McDermed also addressed the government’s involvement; however, she was not as accepting as Andersson, asking if any major medical association or society in the U.S. has recommended or weighed in on suggesting tackle football be banned.
“I am going to say something that the American Academy of Pediatrics has said in their policy statement that youth tackle football shouldn’t be banned and here is the interesting quote,” Dr. Robert Stern, an expert witness, said, adding after all the potential ramifications including severe brain damage and death, the answer is ironic. “It would fundamentally change the game.”
Sente said though major medical associations are not against the ban, local experts she has discussed the matter with for five years are proponents for HB4341.
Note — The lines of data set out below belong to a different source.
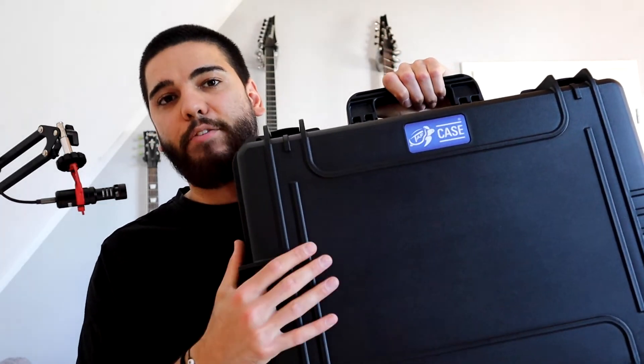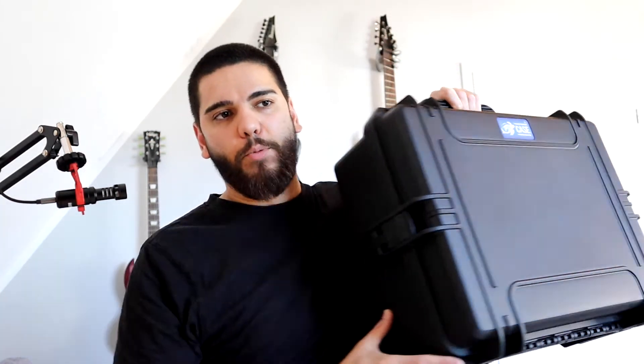To start things off, I think we do have to talk about the case itself that I'm using, which is this tough case right here. You will see similar products by companies like Pelican, for example, but the difference is this case is made in Germany, and also the insert bag that I'm using in there is made in Germany by the company, so that's what I decided to use for transportation and storage of my personal gear.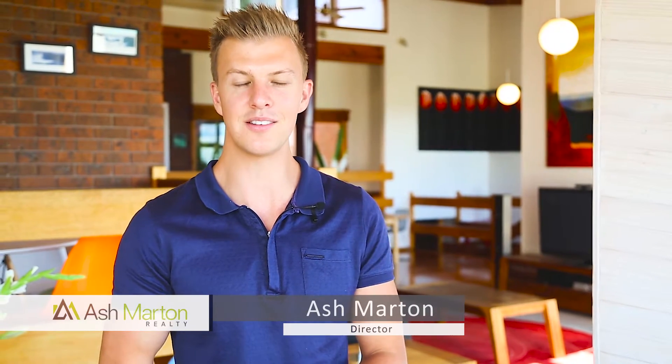Welcome to 8 Kriston Close, Frankston South. Positioned on a 3,500 square metre allotment, this stunning home has been designed to take full advantage of inspiring views across the Mooraduck Plains and offers plenty of scope to add value. Come with me and take a look.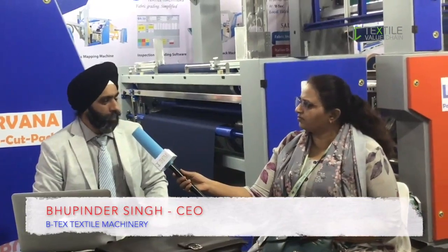Everyone knows ITME is the best platform and has lots of footfalls. Since the last 16 years we are exhibiting at ITME. This time we are showcasing an auto cut pack system here, and it has been a good exhibition till this point. We got this auto cut pack system for cutting and packing.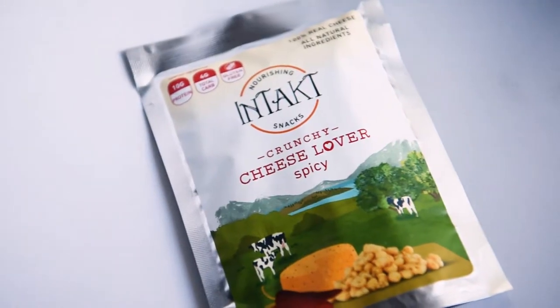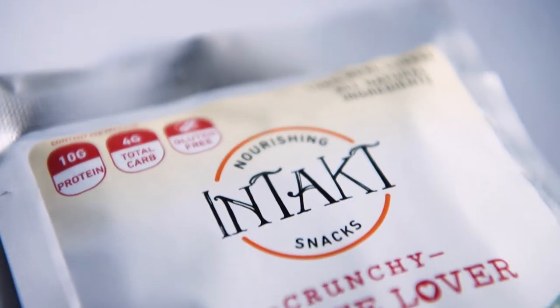Hello, thank you for watching guys. For this video, I'm going to do a taste test for this Intact crunchy cheese lover's spicy cheese snack. It's a cheese snack and spicy — two things I love. So we're going to try this today.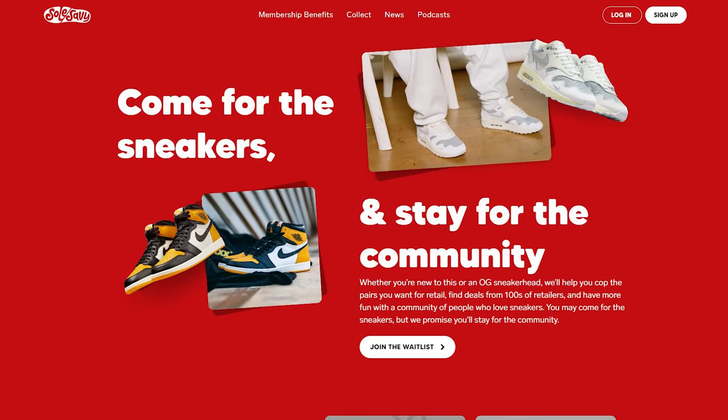What's up everybody, it's Sean here. Super excited to give you guys my review of the Joe Fresh Goods collaboration with New Balance 993 in this performance art collection.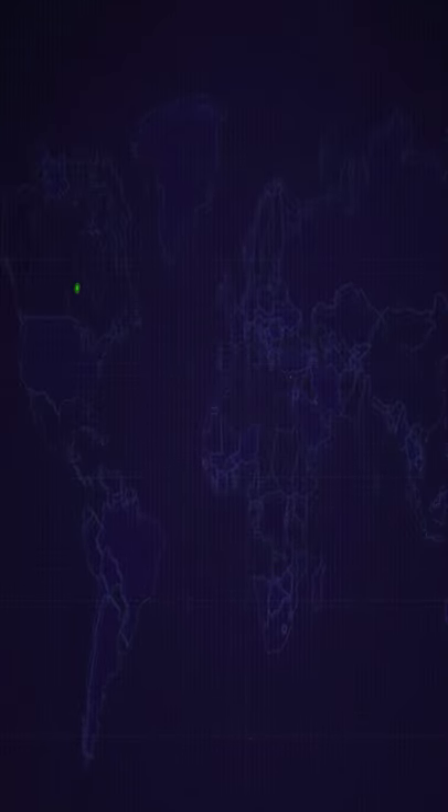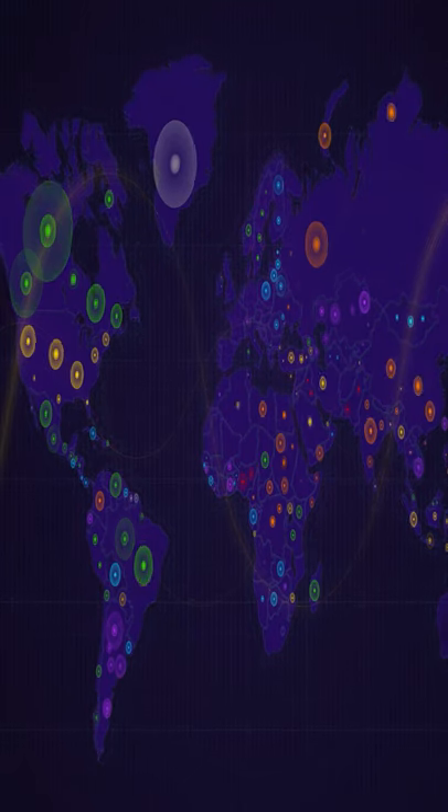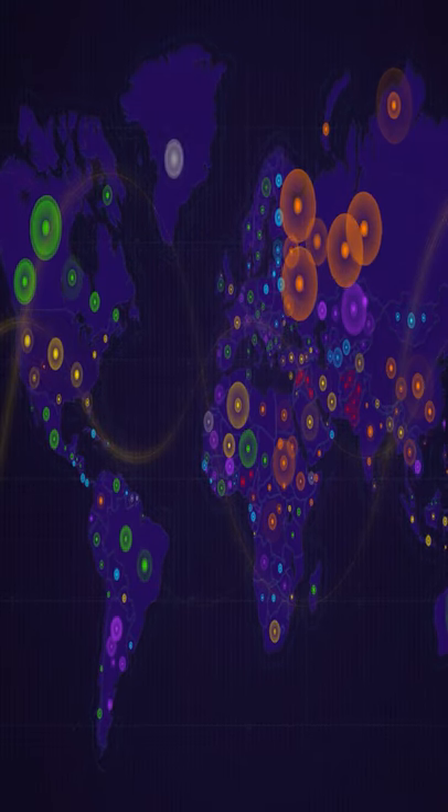Now it isn't just the Mercator map that distorts different aspects of its map projection. Every single map you ever look at will have some form of distortion in either the shape, the area, the distance, direction, or the landmass size.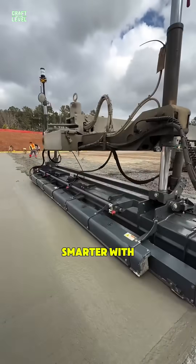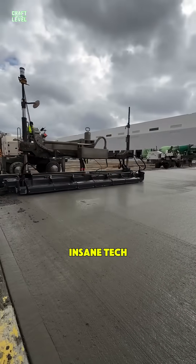Don't just watch, build smarter with us. Hit subscribe for more insane tech in action.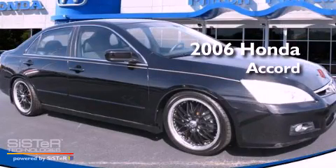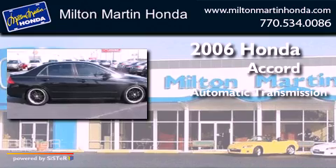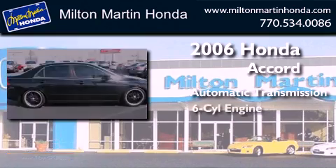This is a 2006 Honda Accord. This four-door sedan has an automatic transmission and a V6.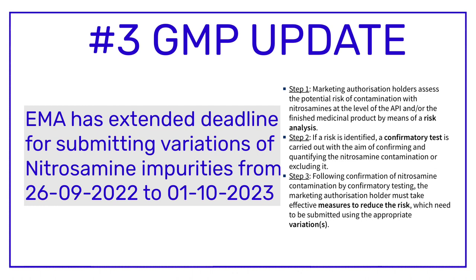In 2019, the European Medicines Agency told all pharma manufacturers to start reviewing all their products for the presence of nitrosamine impurities. This review was proposed for those medicinal products which were synthesized chemically. To carry out this review activity, EMA proposed a three-step approach.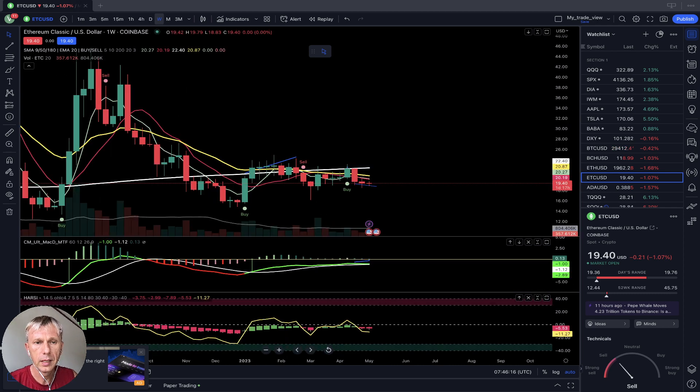On the weekly time frame for Ethereum Classic, for the last ten weeks the price has been below SMA 20 and all moving averages — it's been there a long time. It is negative and bearish. The last bar is in indecision mode, in bearish territory below all moving averages. Bearish trend on the weekly time frame for Ethereum Classic.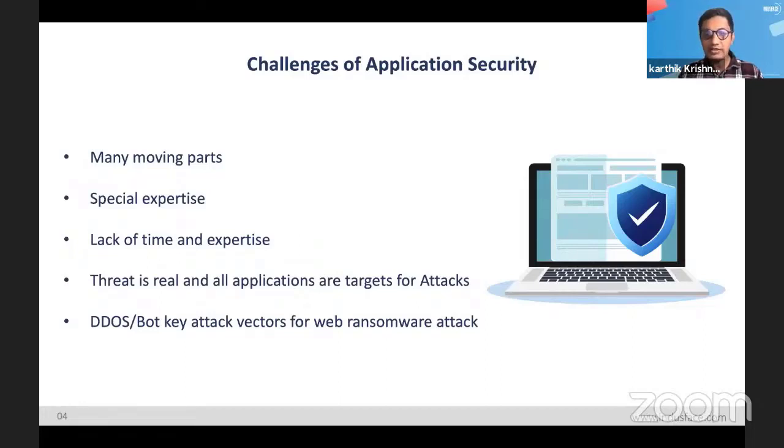Another factor is that security is a specialty. You might have a top-notch engineering team, but that doesn't mean they're security experts. It's not just about smart engineers — security is a specialty. The problem for most organizations is that there's not a lot of time to train security experts. The attacks are not happening six months from now — the attacks are happening now.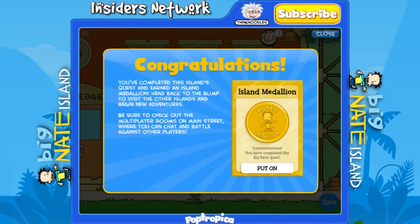Now that you've completed the island, I hope you enjoyed my walkthrough. If you did, please give it a like and subscribe to my channel. I hope to see you again soon — thanks for watching.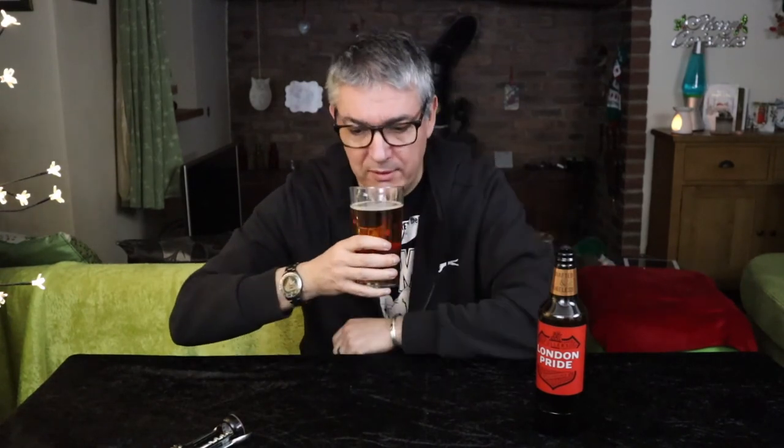It's not overly carbonated, which is quite nice. I do like sometimes a sort of still or flatter beer. Biting carbonations are good for crisp refreshing lagers or ciders, but sometimes you just want something quieter. Yeah, sort of subtle maltiness, biscuity.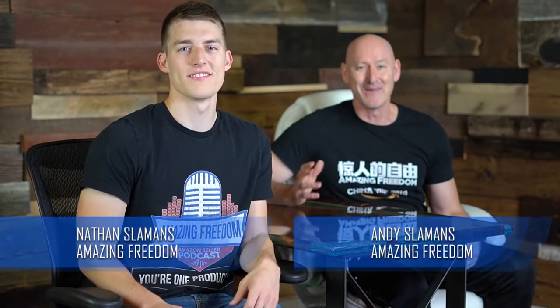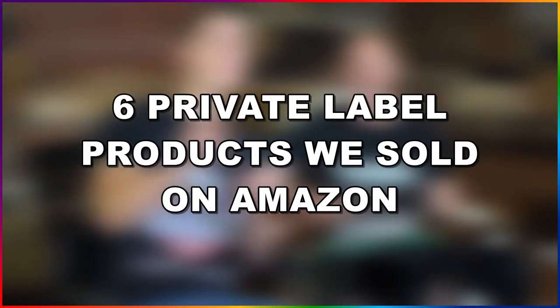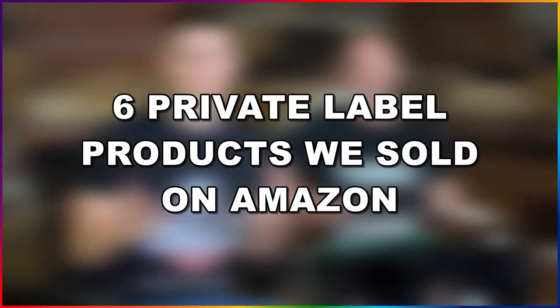Hey, I'm Nathan Slammons. I'm Andy Slammons. And in this video, we're going to show you six private label products that we've actually sold on Amazon and how they turned us into million dollar sellers.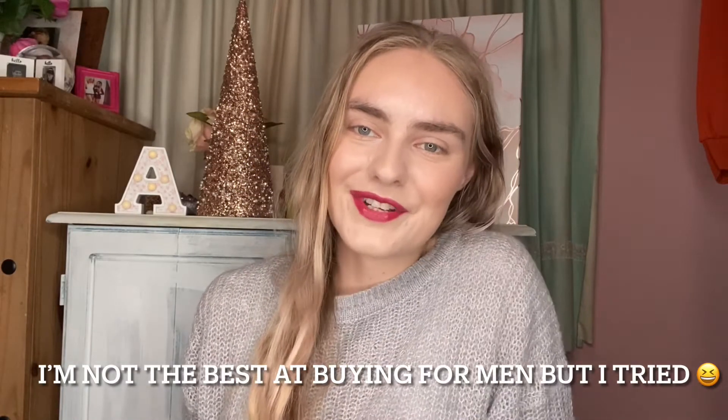Hello everybody and welcome back to my YouTube channel, my name is Amy. This is my part two video — the gift guide for him. I'm trying to include as much variety as I can. I haven't got all of the items I'm going to tell you about today, but I'll show you as many as possible and link them down below. Whether you're buying for your dad, partner, boyfriend, husband, best friends, work colleagues, or Secret Santa, hopefully this will make it a little bit easier.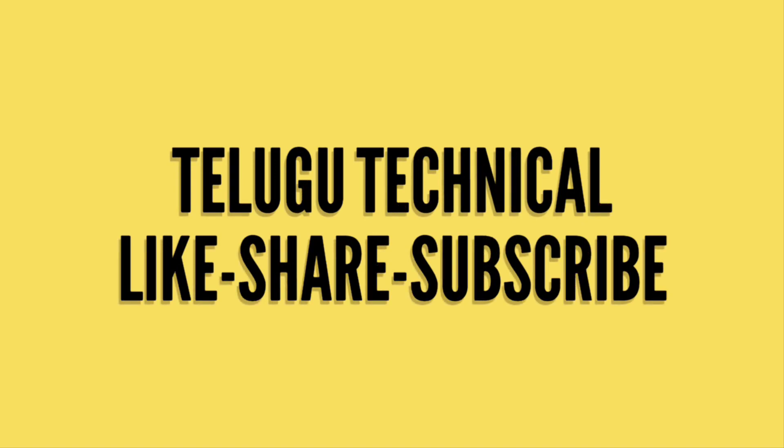Hi friends, my name is Hikaran. You can watch this on the YouTube channel.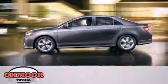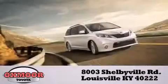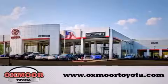Oxmore Toyota is conveniently located at 8003 Shelbyville Road. Visit our website and view our entire inventory online at www.oxmoretoyota.com.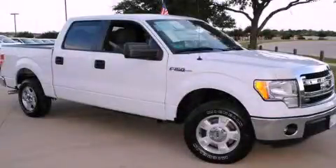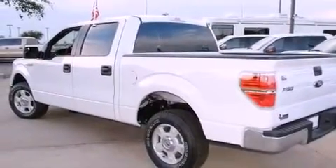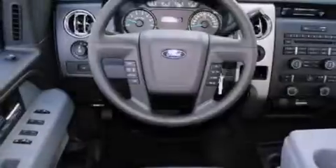This is a brand new 2013 Ford F-150. Strong, durable, and dependable. It features an 8-cylinder engine and an automatic transmission.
“My point stands,” McDermed said to Sente and other witnesses, noting no major medical association has recommended banning the youth sport.
McDermed said coaches in her district have expressed that the game is “different” now with safer tackling and playing measures.
“They are all in my ear, so is that true,” McDermed asked.
After McDermed was told some rules have changed and children are still getting hit in the head, she questioned if there was enough data to prove cause and effect.
There is, according to Concussion Legacy Foundation CEO Chris Nowinski, adding though experiments have not been done on children, they have proven so with mice.
“We should make policy on what we know today,” Nowinski said.
McDermed said she was forced to vote no on the bill since no opposing witnesses showed to testify and she did not have all the facts and found the process flawed.
Andersson said it did not matter that opposition was not presented he would vote yes.
HB4341 was approved 11-9 by the committee and was moved onto the House floor.